Originality wasn’t exactly present in the Palladium. “I didn’t hear anything that I hadn’t heard before about myself,” said Green, who got rampaged with jokes about his short stature. Fisher endured plenty of drug addict jokes. Barkin weathered jabs at her cougar tendencies. Brady was needled for not being “black enough.”
With all the repeating of the same insults with different words, the event felt lacking in anything deeply shocking or offensive (with the exception of Ross). But it may have also been because the event was also marked by a pervading love for Barr.
“Everything that Roseanne has done has inspired reverence or respect or pioneering of human spirit,” Green also said after the show. “For as much as everybody can s— on her about her appearance or her incredibly public disagreements with people, it’s so different than Charlie who is a lightning rod for a unique kind of trouble. I think everyone who was on this stage was so heavily influenced by Roseanne at a young age that getting to honor her even in a scathing way is a privilege.”
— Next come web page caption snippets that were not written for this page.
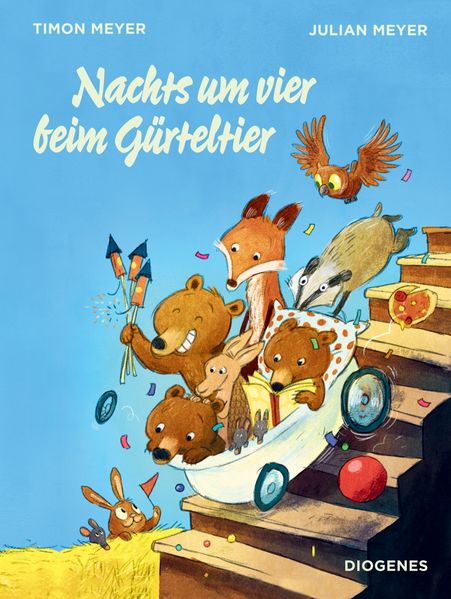Nachts um vier beim Gürteltier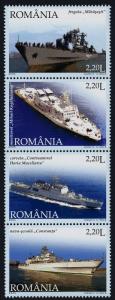 Romania 4746 MNH Warships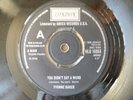 'YOU DIDNT SAY A WORD' by YVONNE BAKER/  NIGHT OWL' by BOBBY PARIS.NORTHERN SOUL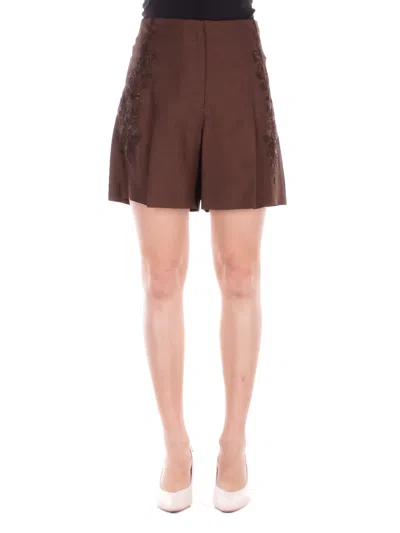 Blugirl Shorts In Brown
Even Barr’s ex-husband, Tom Arnold, with whom she had a famously ugly split, was more heart-warming than insolent in his surprise appearance. (He claimed that the two of them hadn’t been in the same room for 18 years, though Barr admitted to reporters after the show that her apparent surprise when he walked onstage was feigned — they did talk about his appearance ahead of time.) Referencing Barr’s first TV appearance on The Tonight Show with Johnny Carson, Arnold said, “You got validation from the king that could never be taken away from you. Roseanne, you were my Johnny Carson,” which provoked a big awwww from the audience.
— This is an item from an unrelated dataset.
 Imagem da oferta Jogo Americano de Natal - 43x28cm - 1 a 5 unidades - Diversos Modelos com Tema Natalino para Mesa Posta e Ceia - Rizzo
The event was very reminiscent of the motto of the New York Friar’s Club, where Ross is the Roastmaster General: “We only roast the ones we love.” Still, amid all the celebration of the “domestic goddess,” there were some jokes that definitely stung. Here are the meanest jokes (that we can print) from each roaster directed at the event’s guest of, well, honor. (Click here to read EW’s report on comedian Jeffrey Ross’ attempt at jokes about the late Penn State football coach Joe Paterno and the Aurora, Colo. movie theater shootings.)
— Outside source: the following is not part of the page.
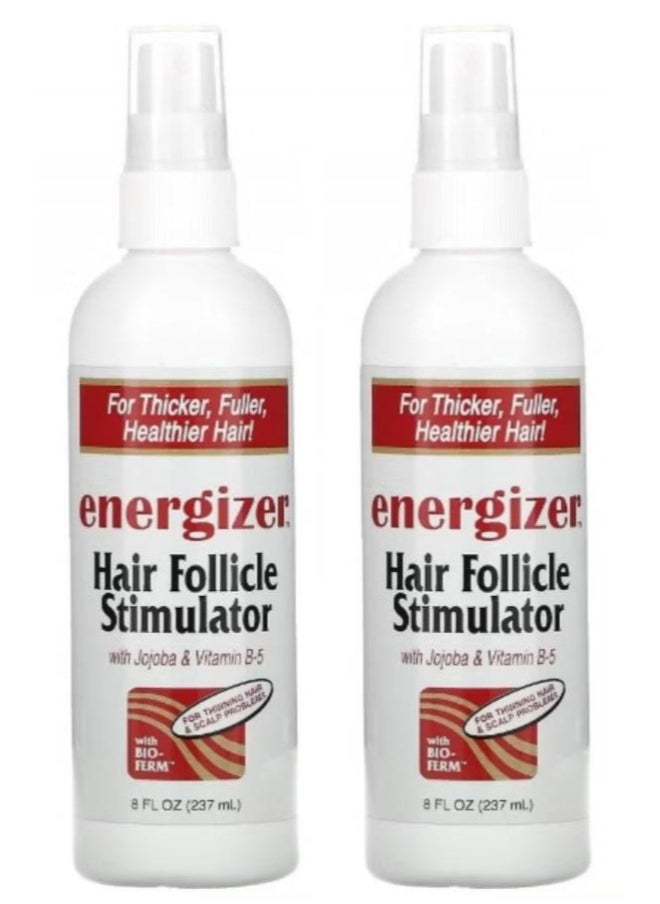 Hobe Labs - 2 Pcs Energizer Hair Follicle Stimulator 237Ml - Image 1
“I was surprised you were running for president. I just think a lot of people just couldn’t picture you, like, running.” –Amy Schumer
“The thing with Roseanne is she has enough money not to work. But she still does a TV show every few years to punish the rest of us. You’ve even had two reality shows, which is a lot for someone who is completely out of touch with reality.” –Seth Green
“It’s great to see Roseanne back in the spotlight. Technically, it’s two spotlights, but you get the idea.” –Katey Sagal
“Folks, in case you don’t know where Hawaii is, it’s just off the coast of Roseanne. [To Roseanne] It means you’re fat.” –Jeffrey Ross
“Roseanne, it’s been said that you stole Sam Kinison’s style: you’re fat, loud and you died in the ’90s. But, Roseanne, you had to overcome a lot to make it in Hollywood, and that’s why I love you — bad marriages, mental illness, plus, you look like Roseanne. You’re oversized, beat up, and you reek of marijuana. You’re kind of like Willie Nelson’s tour bus. Except people still wanna ride that.” –Wayne Brady
“You’re a follower of the Kabbalah — how embarrassing for you — which is a form of Jewish mysticism. You know what else would be a form of Jewish mysticism? Hollywood giving you another show.” –Carrie Fisher
“Roseanne, what does it say about you that when you accused your father of incest, there was an outpouring of sympathy for your father.” –Anthony Jeselnik
“You totally changed the way men do not give a f— about women’s opinions.” –Ellen Barkin
“Tonight, it’s our chance to end the reign of Rozilla forever. Everyone, grab your torches and lead her to the pit. She’ll think it’s a barbecue!” –Gilbert Gottfried (in a running joke depicting Barr as the giant beast Rozilla)
“Rosie, this is true — she actually had ‘Property of Tom Arnold’ tattooed on her hip, which made me the fourth largest property owner in California.” –Tom Arnold
Comedy Central will air an edited version of the Roast of Roseanne on Sunday, Aug. 12 at 10 p.m. PT/ET.